The 330-acre facility outside Atlanta, GA, is truly massive. In fact, it’s bigger than all the major lots owned by Disney, Paramount, and Warner Bros. in Burbank, California–combined!
It reportedly cost $250 million and features 12 separate sound stages–all of them named after black actors such as Will Smith and Denzel Washington.
Perry purchased the former Fort McPherson army base several years ago and has been building everything a filmmaker or TV producer could want–from a realistic trailer park to a replica of the White House.
Although the base was named for a Union officer, during the Civil War the land was a training ground for Confederate soldiers.
As he told the Atlanta Journal-Constitution, “It’s incredible for this place to have this history and for me to own it. It’s really powerful … I hope this is an inspiration for everybody else.”
In an emotional interview with Gayle King on Sunday, Perry described how Hollywood had ignored him for years. Producers and critics alike–most of them white–dismissed his Madea films.
That attitude started to change when Precious, which he co-produced, was recognized with multiple Academy Awards. But he’s through trying to gain approval from the industry.

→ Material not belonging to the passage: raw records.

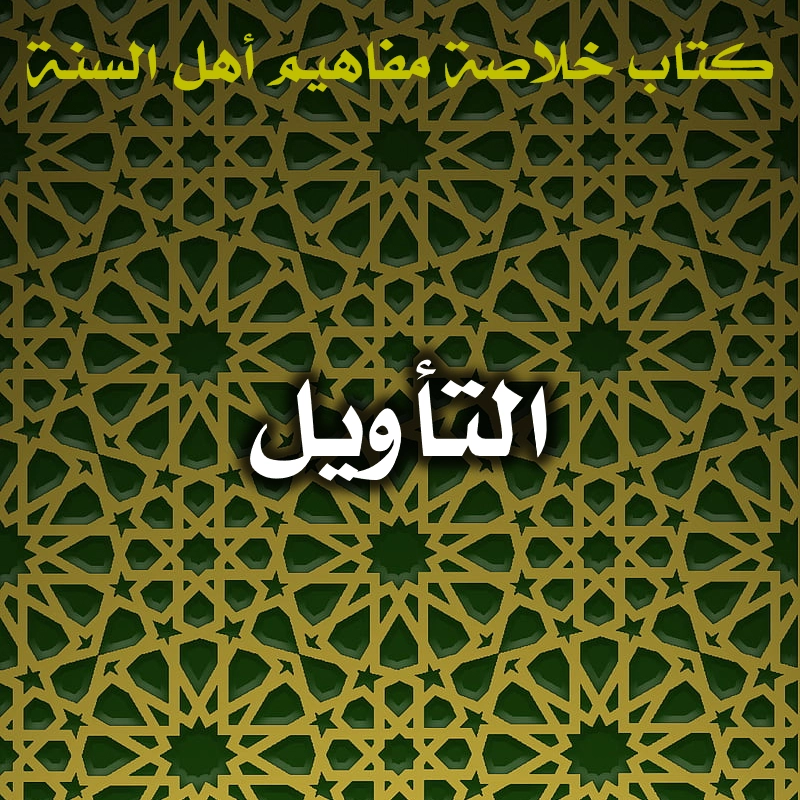 0474 التأويل
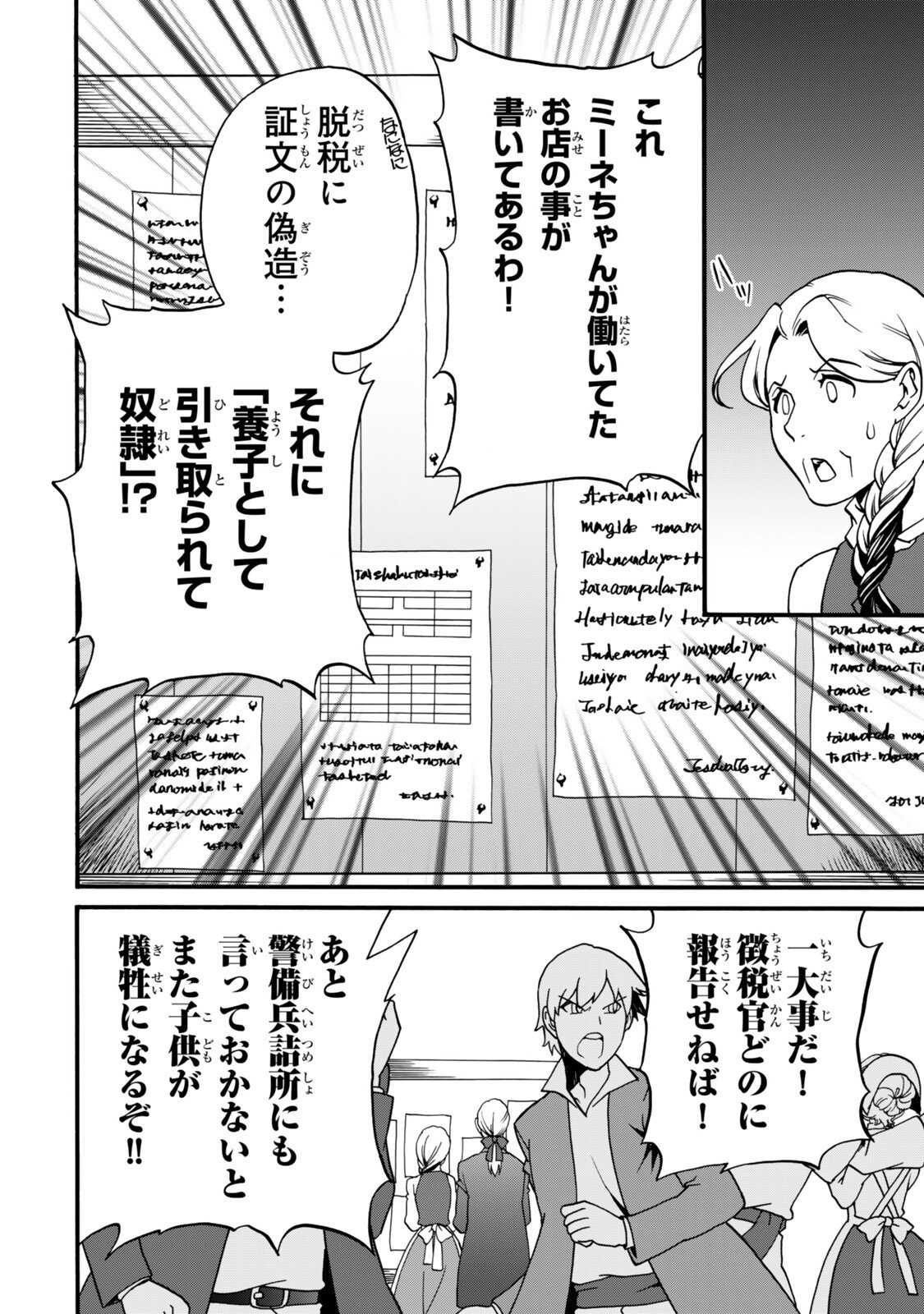 POTION-DANOMI DE IKINOBIMASU! ZOKU Chap 21 - Pic 18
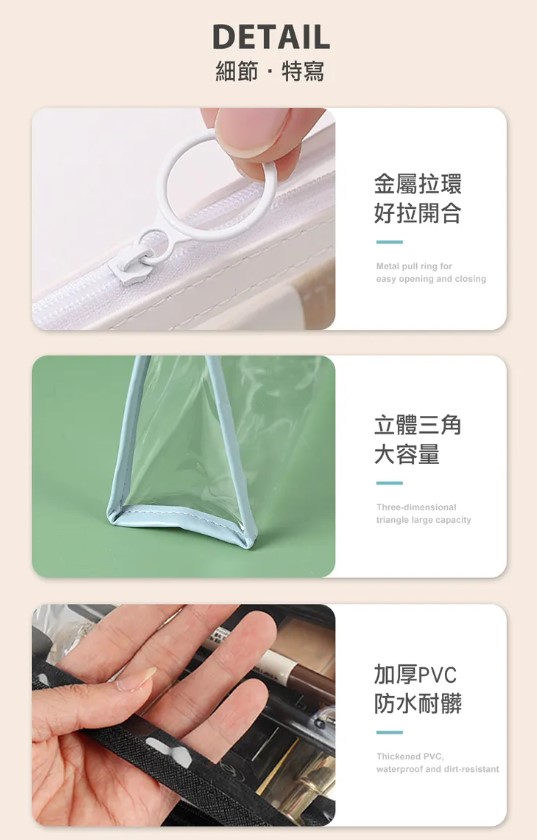 收納包鉛筆盒包包文具旅行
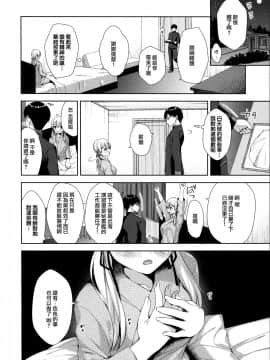 [無邪気漢化組] (C97) [almanacco (居待暦)] +1℃ (艦隊これくしょん -艦これ-)_09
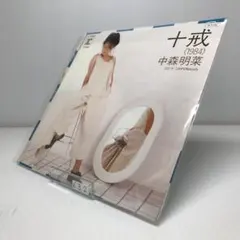 中森明菜 十戒 (1984) 7インチＥＰレコード - メルカリ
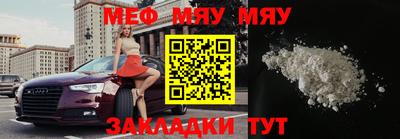 кокаин колумбия Новозыбков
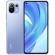 Смартфон Xiaomi Mi 11 Lite 8/128Gb (NFC) Bubblegum Blue (Мармеладно-голубой) Global Version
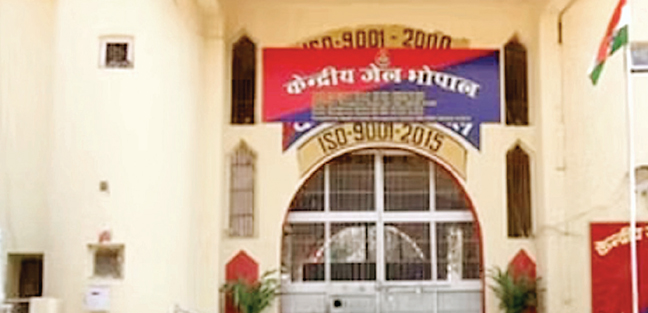  सजा 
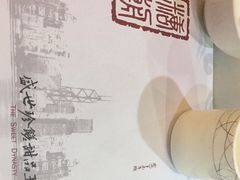 -糖朝(尖沙咀店)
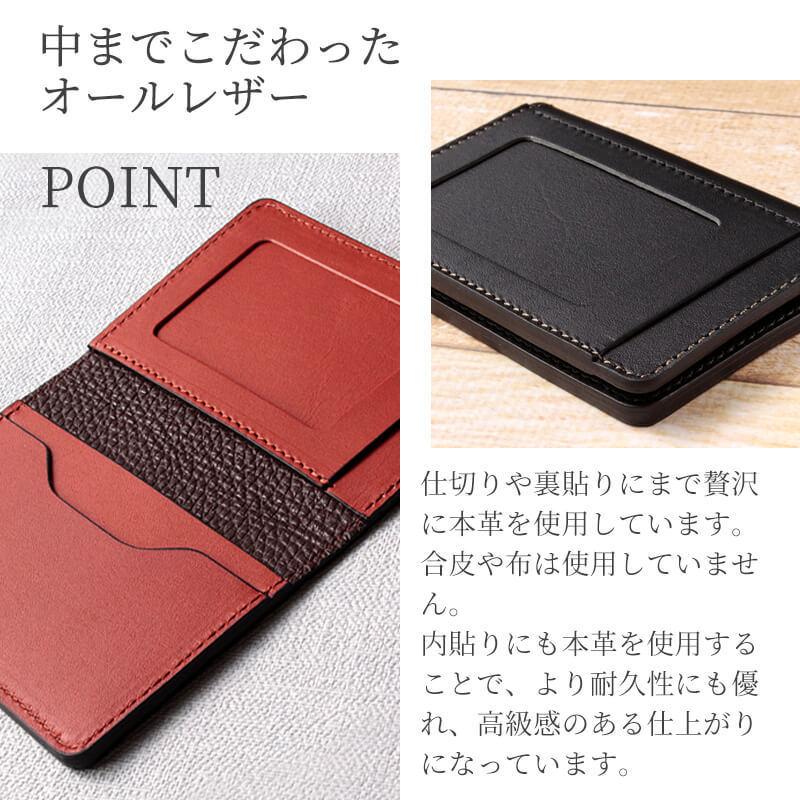 名入れ可 札幌革職人館 W免許証入れ 革 レザー 本革 メンズ レディース 日本製 ギフト 免許証ケース プレゼント 贈り物 ホワイトデー |  | 17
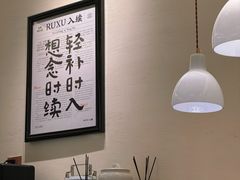 -RUXU入续鸳鸯糖水铺(星寰店)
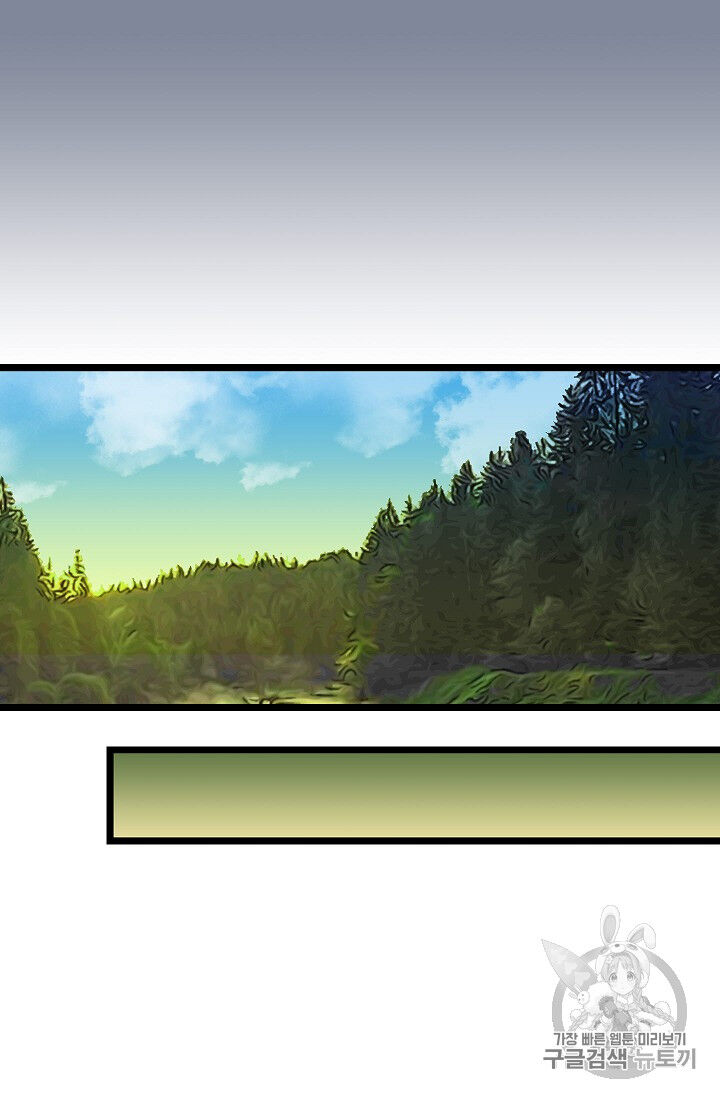 Hôn Lễ Báo Thù Chapter 15 - Trang 2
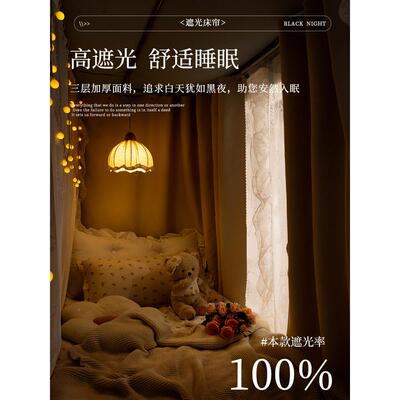 TQS强遮光u型轨道床用帘 学生宿舍式上下铺蚊帐一式上铺体专滑轨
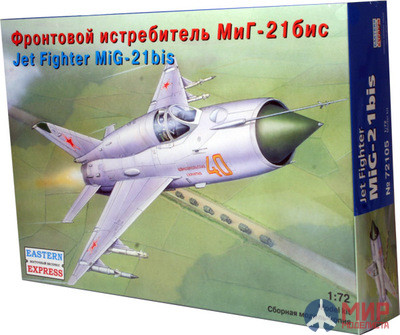 ее72105 Воcточный Экспресс 1/72 M!G-21БИС Фронтовой истребитель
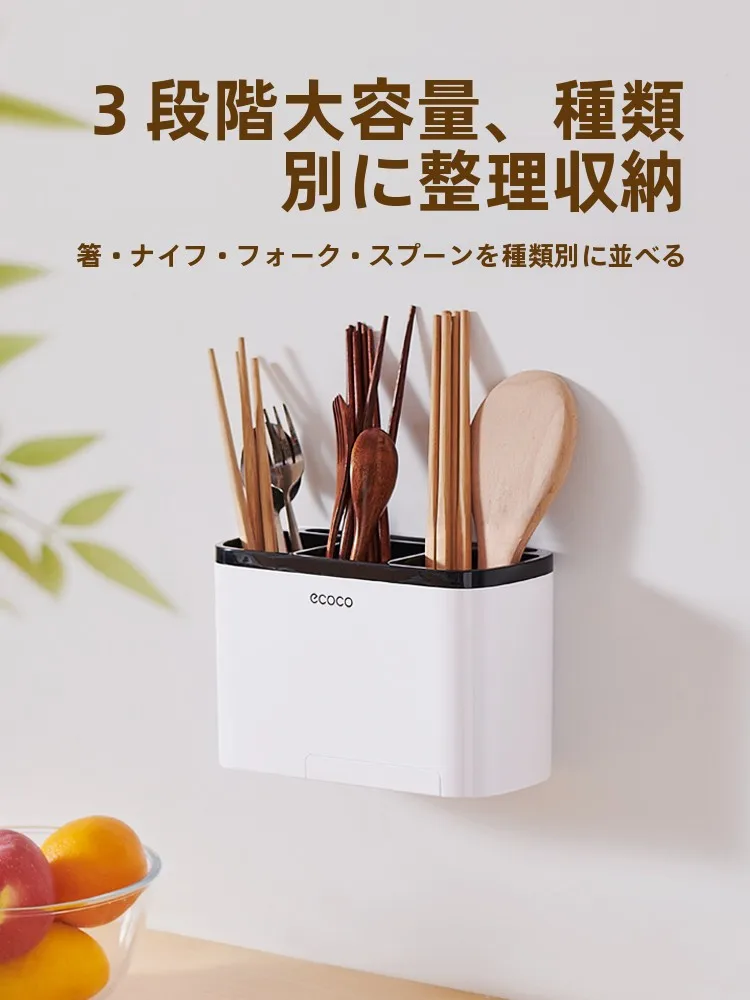 調味料の在庫が見えない日々、どうやって解決する？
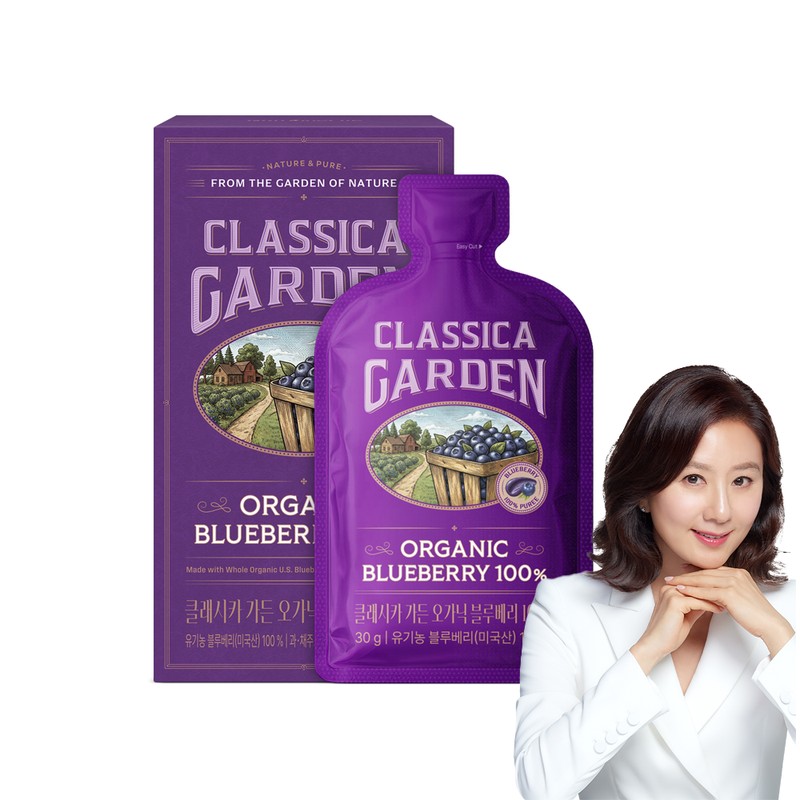 Nutrione Classica Garden Organic Blueberry 100% (15 packets), 1 unit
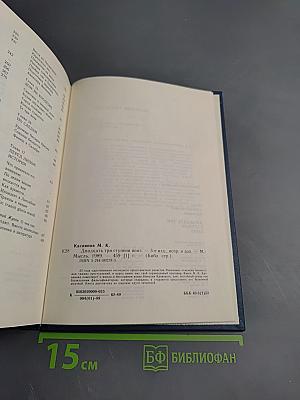 Двадцать три ступени вниз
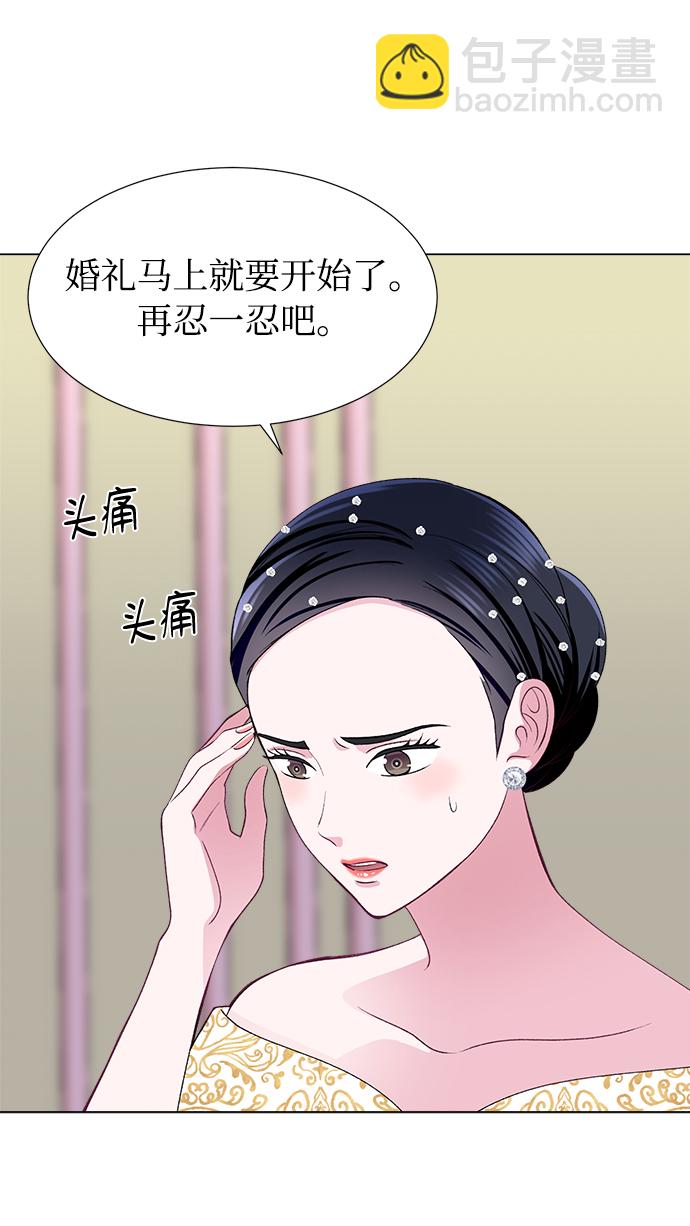 第41话40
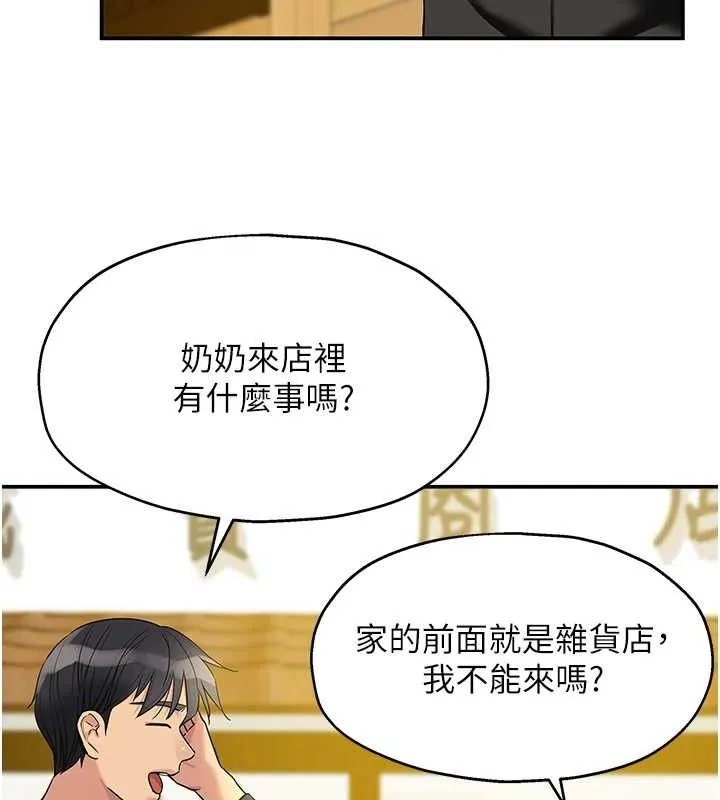 洞洞杂货店-第128話-村子沒有男人的原因 - 图片 59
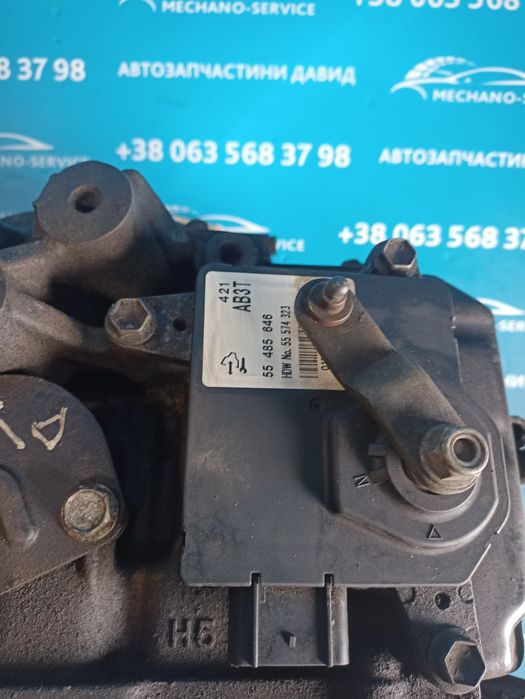 Коробка автомат АКПП Опель інсігнія 2.0 tf80sc tf40 вектра инсигния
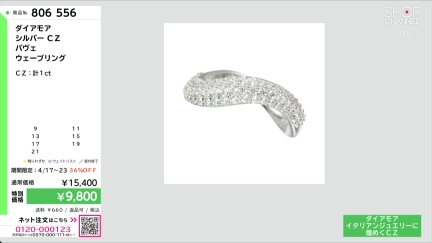 商品動画を見る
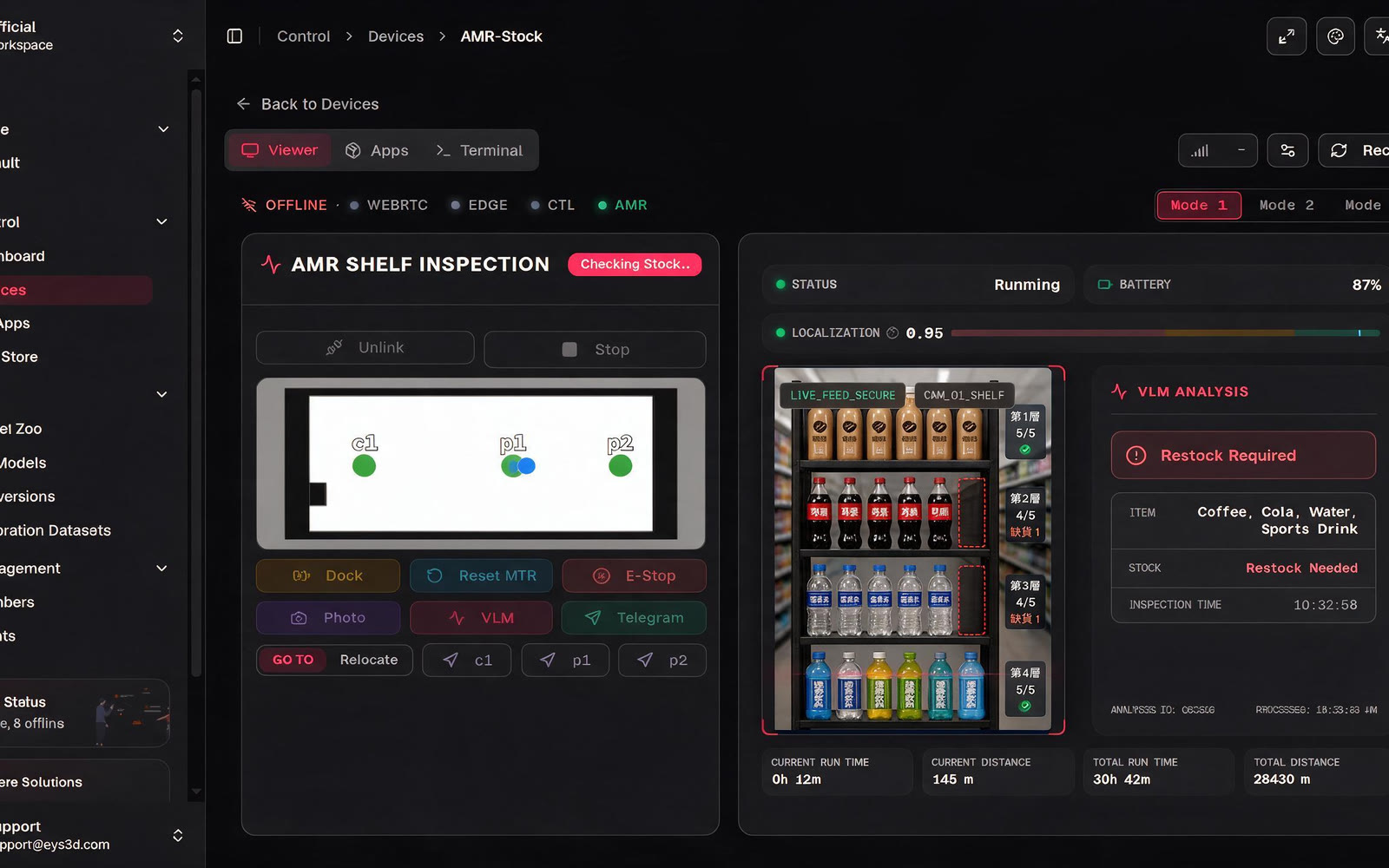 ライブ AMR 棚点検 — VLM による補充分析付き WebRTC 映像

“I know what I do is important. I know what I do touches millions of people around the world. I know how important every word, every joke, every laugh [is]. I know what that does for the people where I come from and the people that I’m writing for,” Perry said.
He encouraged “any doubters” to “just come take a visit and walk these streets, see these people, see these underdogs and you tell me what I do don’t matter.”
Tyler Perry told King that he created the movie studio in part to ensure that people who were ignored in Hollywood, like him, would have a voice in the filmmaking industry.
“I’ve been on sets where I’ve been the only black face on, only black face, as recently as 2019 going, ‘Where are the black people in this movie?'” Tyler said.
“So, when I come to work here and every black person that comes to work here they go, ‘Oh my God, it’s heaven. Here we are. We’re represented.’ Where everybody’s represented. LGBTQ’s represented. Black, white, gay, straight, whatever. We’re all represented, working hand-in-hand, arm-in-arm”
At least one high-profile guest was profoundly moved. Beyonce revealed that she “could not stop crying” at the opening gala.
She attended the gala alongside hubby Jay-Z, looking every inch the fashion icon she is. She wore a form-fitting, sparkly gold dress with massive diamond earrings while he rocked a classic tux with a bowtie.
“I could feel our ancestors’ presence,” Beyonce wrote on Instagram. “It makes me so proud, so full, I could not stop crying.”
The grand opening was a who’s who of black entertainers and media icons. The guest list included Oprah, Samuel L. Jackson, Spike Lee, Halle Berry, and Maxine Waters, just to name a few.
Colin Kaepernick was on hand, as were Bill and Hillary Clinton.